The US charge d'affaires (who had only received the news a few hours before CNN announced it), was off in a private discussion with an official from the Ministry of Foreign Affairs, but among the other ambassadors, military attaches and drug enforcement experts in the crowded room that night, there was almost a sense that the sanctions were irrelevant.
"US sanctions have already been factored into ASEAN's decision to admit Myanmar", said one ASEAN diplomat. "They don't matter to us at all." The Japanese ambassador also shrugged the move off, saying that Tokyo was concerned that a sanctions policy would isolate Myanmar.

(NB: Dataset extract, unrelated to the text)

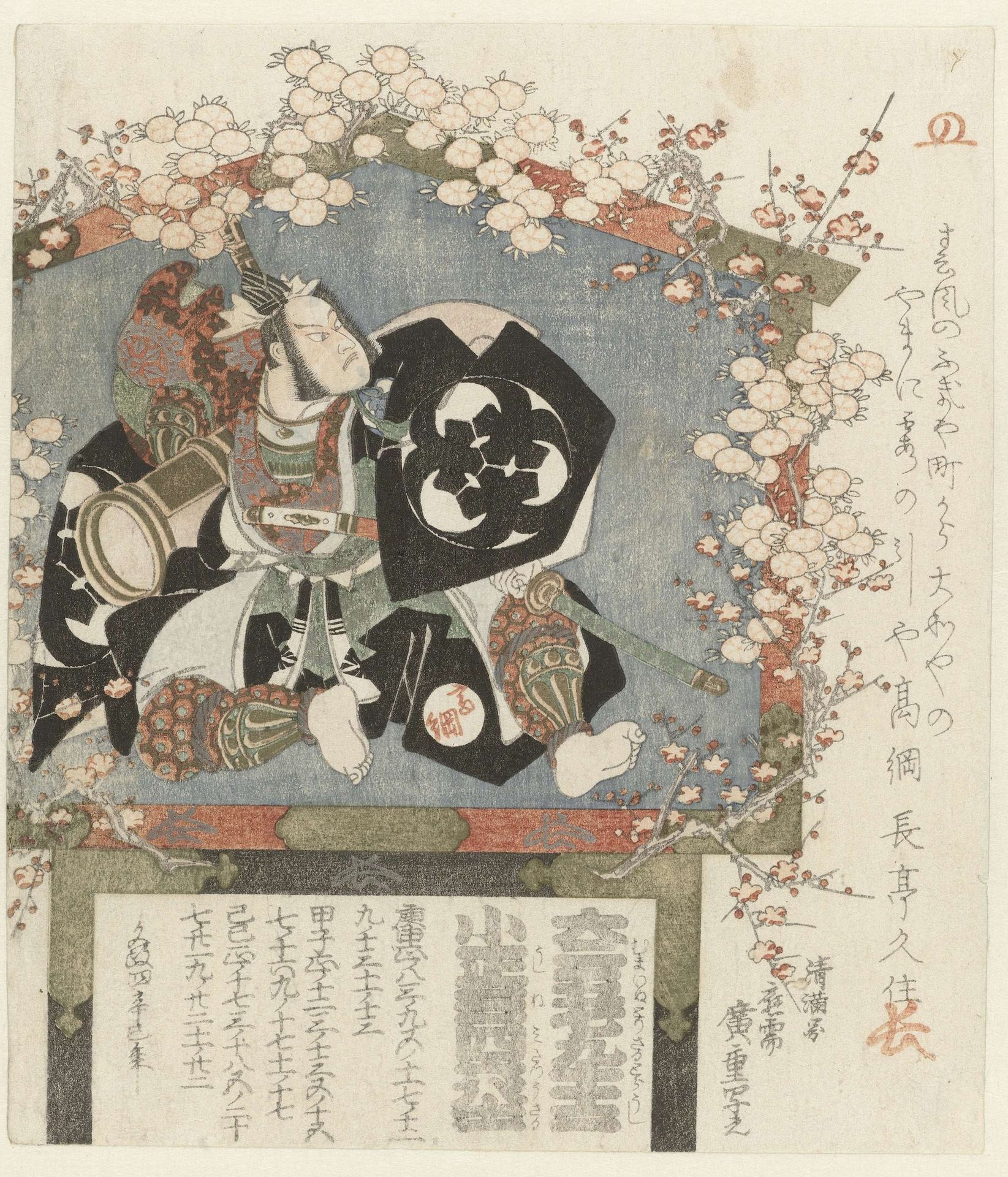 Votief met een portret van Bandô Mitsugorô III by Utagawa Hiroshige (I)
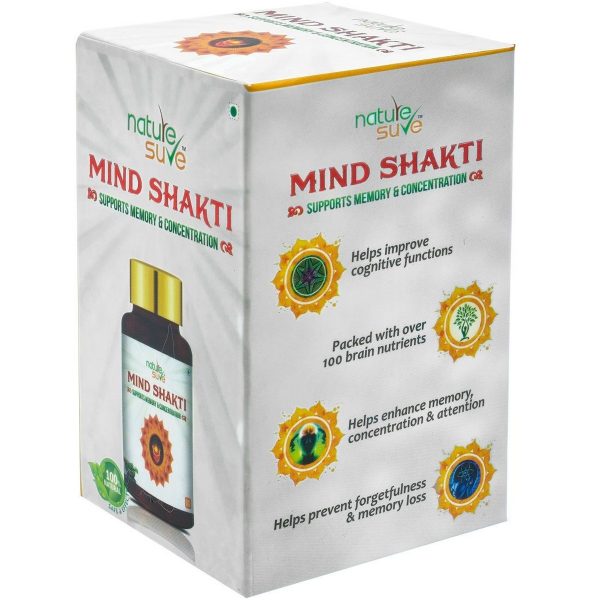 Nature Sure Mind Shakti Tablets for Memory and Concentration in Men and Women 1 Pack 60 Tablets6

Beijing had a policy of non-interference in other countries' affairs, added the Chinese ambassador, noting that "Myanmar needs to go its own way".
And in the middle of the room, surrounded by a small crowd, was Gen. Khin Nyunt. He was dressed casually, and seemed tired and disappointed at the news, but not angry. The US move "will have no effect," he told us, as he sipped a glass of orange juice. "In politics you have to expect these things." Asked whether the sanctions would cause the SLORC to reconsider any of his policies, he said, "We don't have anything to reconsider, because we are walking in a straight line. And we have many friends in the region."
It was a subdued crowd that left Kyaing Tong the next morning. The journalists were bundled onto a plane and sent off to Tachilek, where we wandered around listlessly in the dust for a while before being fed and taken back to Yangon. It had been a long trip, and we had all retreated into our own little worlds of fatigue and heat exhaustion. As we were loaded onto the bus for the final trip out to the airport, I found myself sitting behind Dr. Khin Maung Nyunt, an all-purpose academic who had been brought along for our benefit. As the bus started up, he suddenly burst into song.
"Que sera, sera," he sang, "whatever will be, will be." He looked around cheerfully, to see if anyone wanted to join him in a Doris Day sing-along. No one did. "The future's not ours to see," he urged. We were oblivious. "Que sera, sera", he said quietly. Then he fell silent, too.